Since Michael Sata's death the focus has been on his Patriotic Front (PF), and who it will put forward as its candidate in Zambia's presidential by-election that's meant to be held in January.

But the country's opposition parties are also in the throes of their own political game of chess. While the PF is expected to win, if the opposition can unite behind a single candidate, they could take power.

Former president Rupiah Banda is a central figure on the board. His biggest advantage is that everyone knows who he is, and that matters when there's only about 75 days to go until people vote. But he has to get around Nevers Mumba, the leader of his party, the Movement for Multi-Party Democracy.

Then there's the United Party for National Development's Hakainde Hichilema, a worthy opponent. But he's a Tonga and the country is majority Bemba, and to many, that matters.

I watched an interview with Banda just after Sata's death where he was coy about his presidential ambitions.

But when we met he was more direct, and on the subject of protests that broke out last week between rival PF factions he said: "It shows you our peace is brittle. I think it is important to emphasise to Zambians that we need to work towards unity.

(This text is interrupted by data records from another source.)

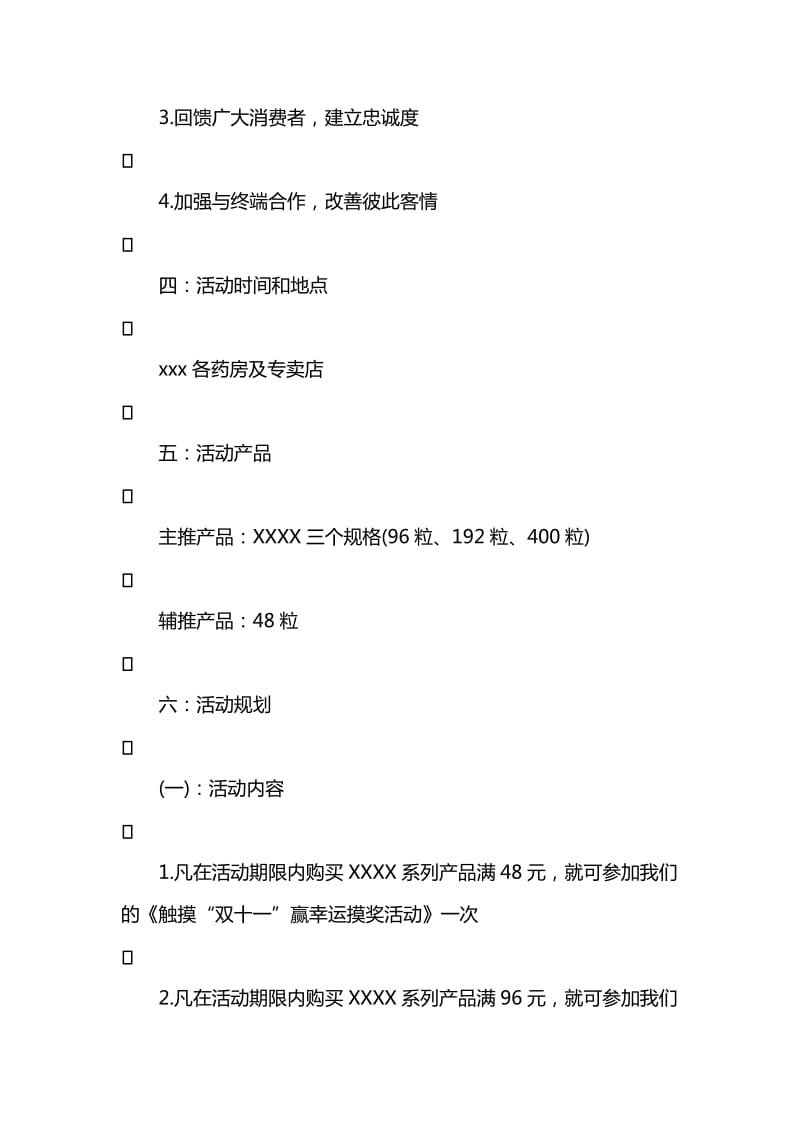 药店双十一活动策划方案.doc_第2页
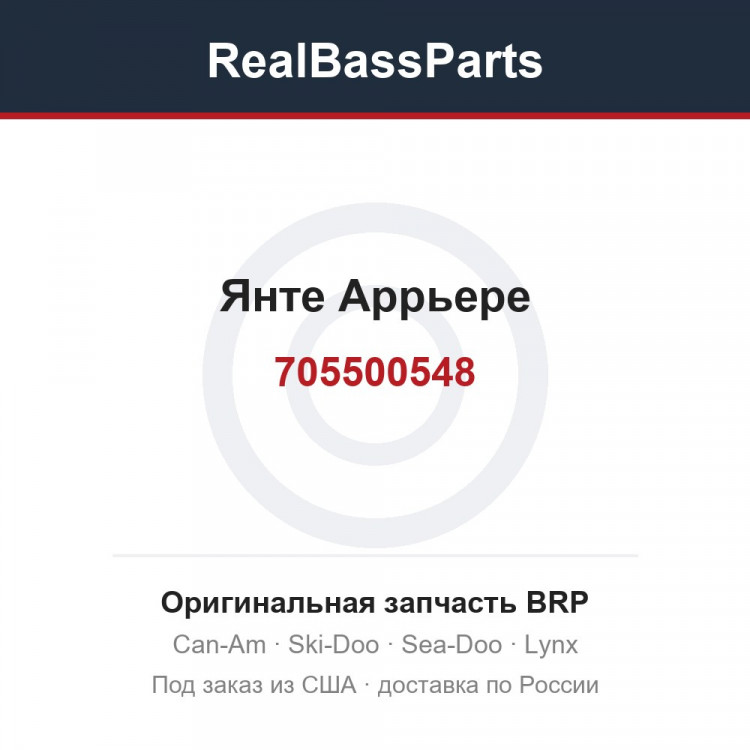 705500548 Янте Аррьере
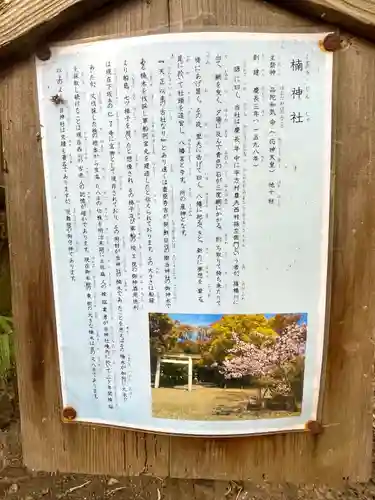 楠神社(三重県)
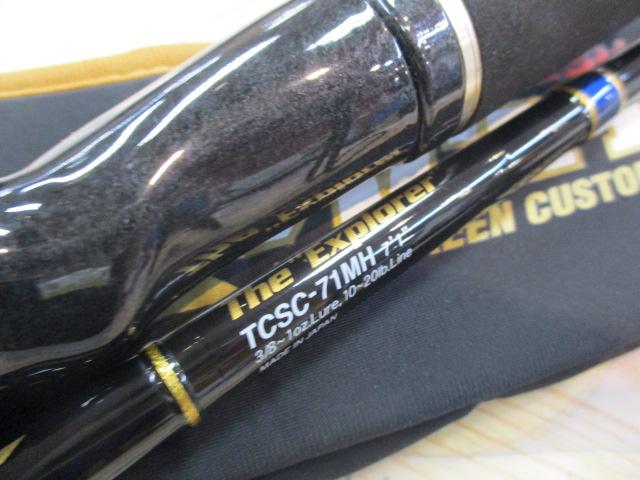 タクティクス TCSC-71MH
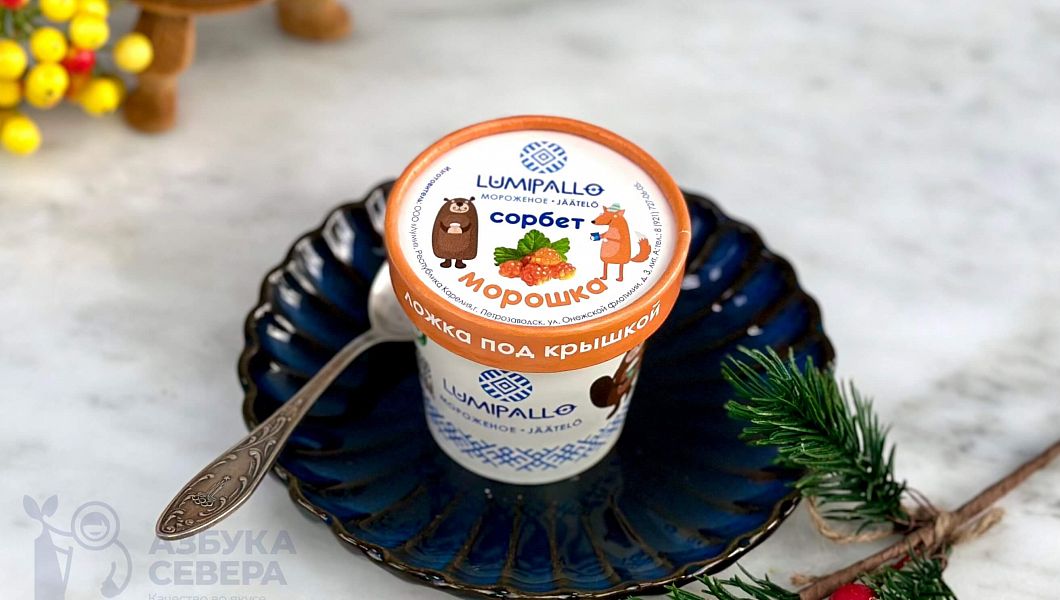 Сорбет из морошки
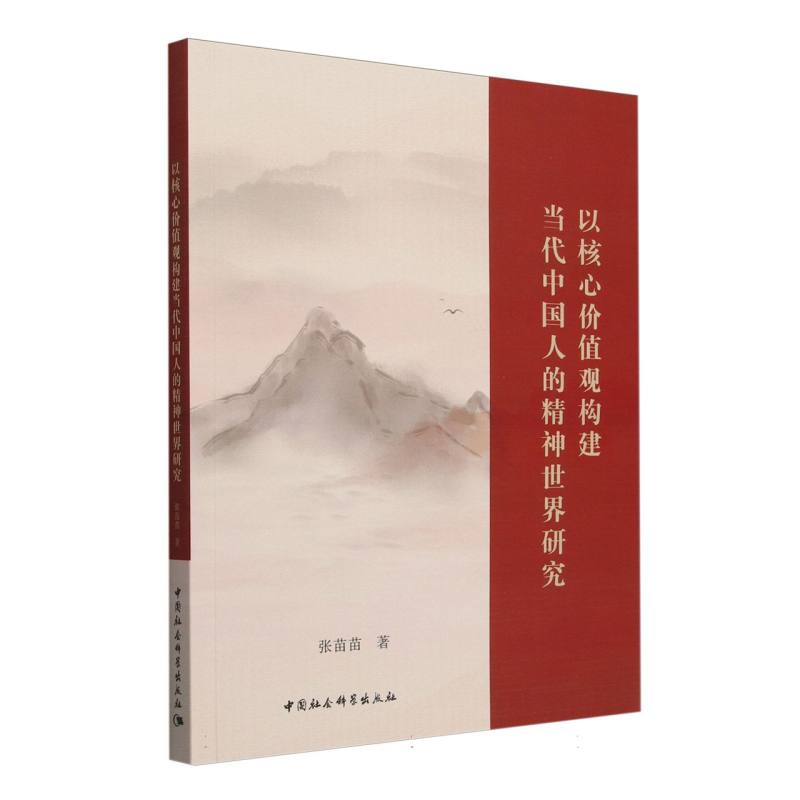 以核心价值观构建当代中国人的精神世界研究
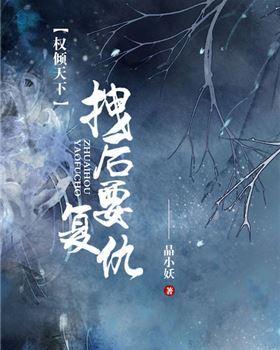 权倾天下：拽后要覆仇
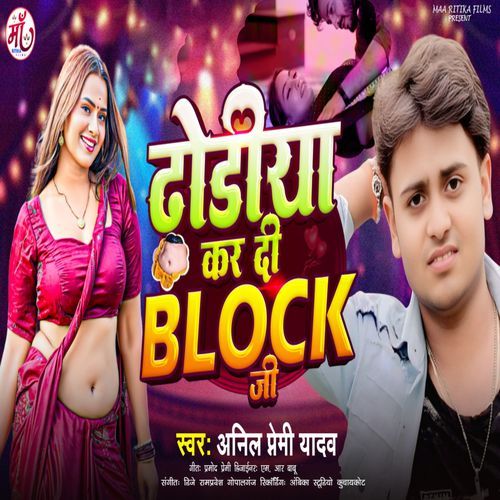 Dhodiya Kar Di Block Ji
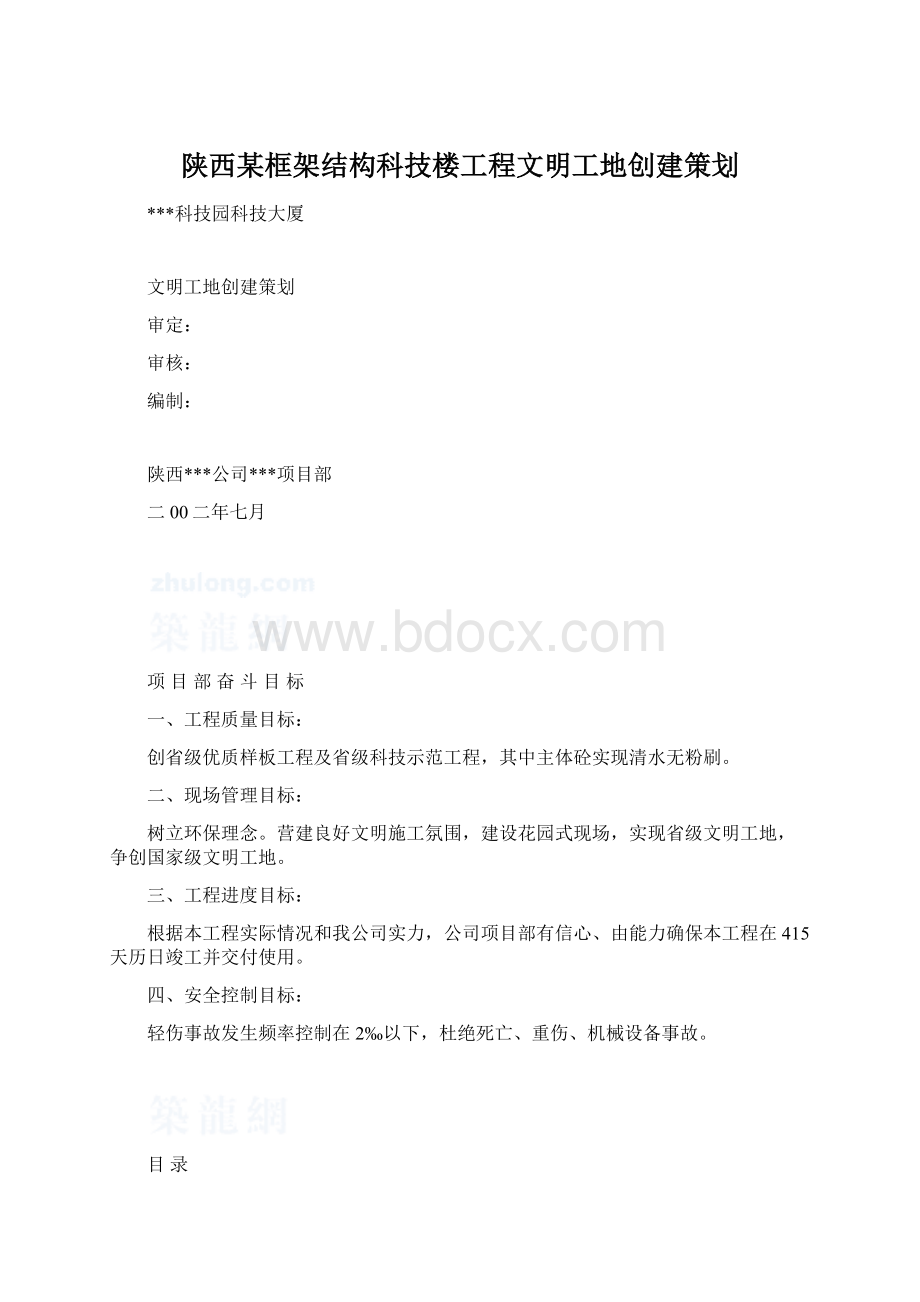 陕西某框架结构科技楼工程文明工地创建策划文档格式.docx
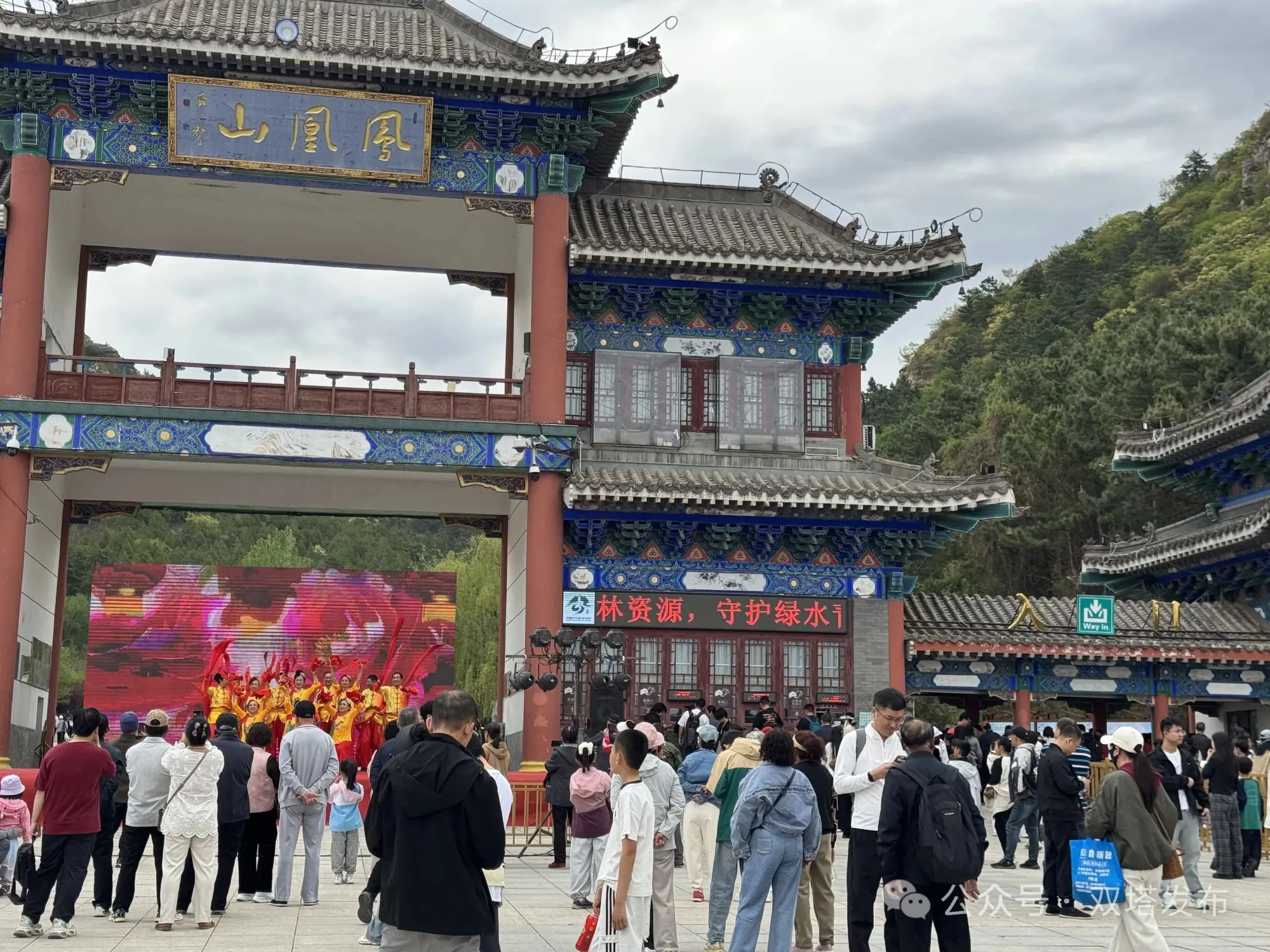 文旅融合绘就假日图景 双塔区五一消费市场热力全开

"We have too many problems and they can't be overcome unless we work together. If I were to come back, this is one of the things that I would do."

While people queuing to see Sata's remains, constantly praise him for an ambitious infrastructure programme, bringing development to the rural areas, Banda said it was started under former president Levy Mwanawasa, continued by him and inherited by Sata.

Banda also endeavoured to trying to resolve the debate around the draft constitution and to "reopening" the country to investors. He's clearly on the verge of open campaigning.

But things are never simple in politics. Whoever wins the by-election will only be president until 2016 when Zambians will vote again, in their regularly scheduled elections.

If Banda wins in January it would count as his second term - and therefore his last. So if he were to stage a successful comeback to the presidency now, his victory would be very short-lived.